Still, it bothered me. I was glad I didn’t have to answer any questions from Dad, but I was hurt that if I didn’t call him, we’d never speak. There was no way he could know about JoAnn. I still hadn’t confronted him.

I was waiting for something absolutely damning, a memory I could point to and say, “JoAnn knows you did
this
to her on
this
day when she was
this
old.” But her memories were still in vague pieces. She knew it was Dad, she knew it was in our house, but she couldn’t be specific about exactly what he had done.

 

In July, JoAnn gave notice on her apartment without telling me. She had no intention of being alive by the end of the month. She couldn’t trust herself to work, and now she couldn’t afford rent or food. After our childhood, where asking for lunch money in elementary school brought shame for needing to eat, she was not going to put herself through asking anyone again. But now a timeline was established.

Pulling out a blue plastic crate filled with journals she’d written since high school, she began the heartrending task of tearing out pages she wouldn’t want anyone to read. After tearing several sheets together into lengthwise shreds, she placed handful after handful of paper into three black lawn bags. She stopped ripping when she saw Stacy’s name, her first lover, who had made her feel more alive and happy than she’d ever felt in her life. The passages about depression and dread were ripped into tiny squares. Once she started, she didn’t stop, even for the happy parts, until she was surrounded by the white confetti of her past. One more step.

 

I’d still heard nothing from Dad, and vice versa. Every summer I’d visit the lake house and we’d tool around on his pontoon boat and fish for bass. What did he think had happened?
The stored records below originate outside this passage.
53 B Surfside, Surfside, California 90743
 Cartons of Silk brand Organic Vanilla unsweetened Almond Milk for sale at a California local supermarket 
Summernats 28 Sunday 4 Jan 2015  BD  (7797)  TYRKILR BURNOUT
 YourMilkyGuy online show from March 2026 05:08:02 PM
I felt guilty for missing him, after what he’d done. But it was painful to think he’d just let me float away. I had thought I was the one who’d let go.

I called JoAnn from my Brooklyn apartment, not knowing that she had chosen that night to end her life.

“How are you?” I was eating Chinese food from a cheap restaurant down the street in Park Slope. Everything was excruciatingly ordinary.

“Okay,” she said.

“Do you want to come up and visit? We can go into New York?” I asked, taking a bite.

“No. I’m good.”

“Are you eating?” I asked. “Because I can’t stop eating. I’m eating right now.”

“I eat,” she said.

“What have you been doing?” I asked.

“I’m going to a concert this weekend. It’s on the Mall, down by the monuments.”

“Sounds fun,” I said. “Is anybody going with you?”

“I don’t know yet.”

“Well, have fun and call me next week.”

“Be careful,” she said.

“Why?”

“The city is crazy, and I just want you to be careful,” she said.

“Okay, I’ll be careful.”

We hung up.

I opened my new Andy Warhol book and finished my orange chicken. Later, I brushed my teeth, talked to Daniel on the phone, and went to bed.

 

That night, JoAnn didn’t want to leave, but she knew she had to go. She understood, in that quiet hour, things that only people who’ve walked to
the edge know. Dying seemed almost compassionate—a way to escape the living hell.

She’d been stockpiling prescription drugs for a few months. She methodically filled all of them whether she planned to take them or not. She pulled out the shoe box hidden in the linen closet behind a stack of towels and looked inside. The supply was ludicrous.